Senior Client Partner, Global Industrial & Consumer Markets, China HR Practice Leader
There have been countless books, news articles and seminars highlighting the differences between Chinese companies and businesses elsewhere. Among the common differences highlighted: Chinese bosses are more paternal, and Chinese firms rely much more on middlemen.
But it turns out that China’s firms share one major trait with their corporate cousins in other parts of the world: they don’t feel very confident when it’s time to find new leaders. In a new Korn Ferry study of Chinese companies, only one-third of corporate executives surveyed said they were satisfied with their firm’s succession management practices, the same level of satisfaction—or lack thereof—as companies worldwide. The idea of creating a succession management strategy is still relatively new to many Chinese firms but “younger generations, increasingly exposed to Western corporate values, are resisting the traditional bequeathing of the helm to family or close insiders,” says Jeffrey Lin, a principal consultant at Korn Ferry.

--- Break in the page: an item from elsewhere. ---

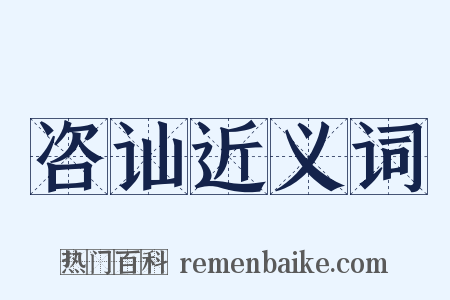 咨讪近义词是什么意思的图片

Lin co-authored a new report “Succession Management in China,” with Senior Client Partner Joyce Gong and Senior Director of Research Guangrong Dai. They surveyed executives from 94 Chinese firms, 78 percent were multi-national firms and 91 percent had 500 employees or more. State-owned enterprises had even lower levels of satisfaction than multi-national firms, more than half said they were dissatisfied with their succession plans. Even executives that were satisfied with succession management said their companies needed help accelerating talent development. Indeed, only 15 percent of Chinese firm executives said they believed their firms had ready talent at every level.
Much like firms globally, Chinese firms were not happy with their heavy reliance on external hiring and failing to consider lower levels of the leadership pipeline. Often succession planning issues arise only when a current leader departs or plans to depart, Lin says. Indeed, “high turnover” was the main reason driving succession management plans in China (it’s the No. 5 reason globally).
Lin says that firms could may become more satisfied with their succession planning if they started measuring employee potential in a more holistic matter. For instance, rather than focusing primarily on an employee’s performance, firms could start looking at employee traits. Determining whether an employee is learning agile, or able to adapt and thrive in a complex environment, could make it easier for firms to not identify future leaders internally.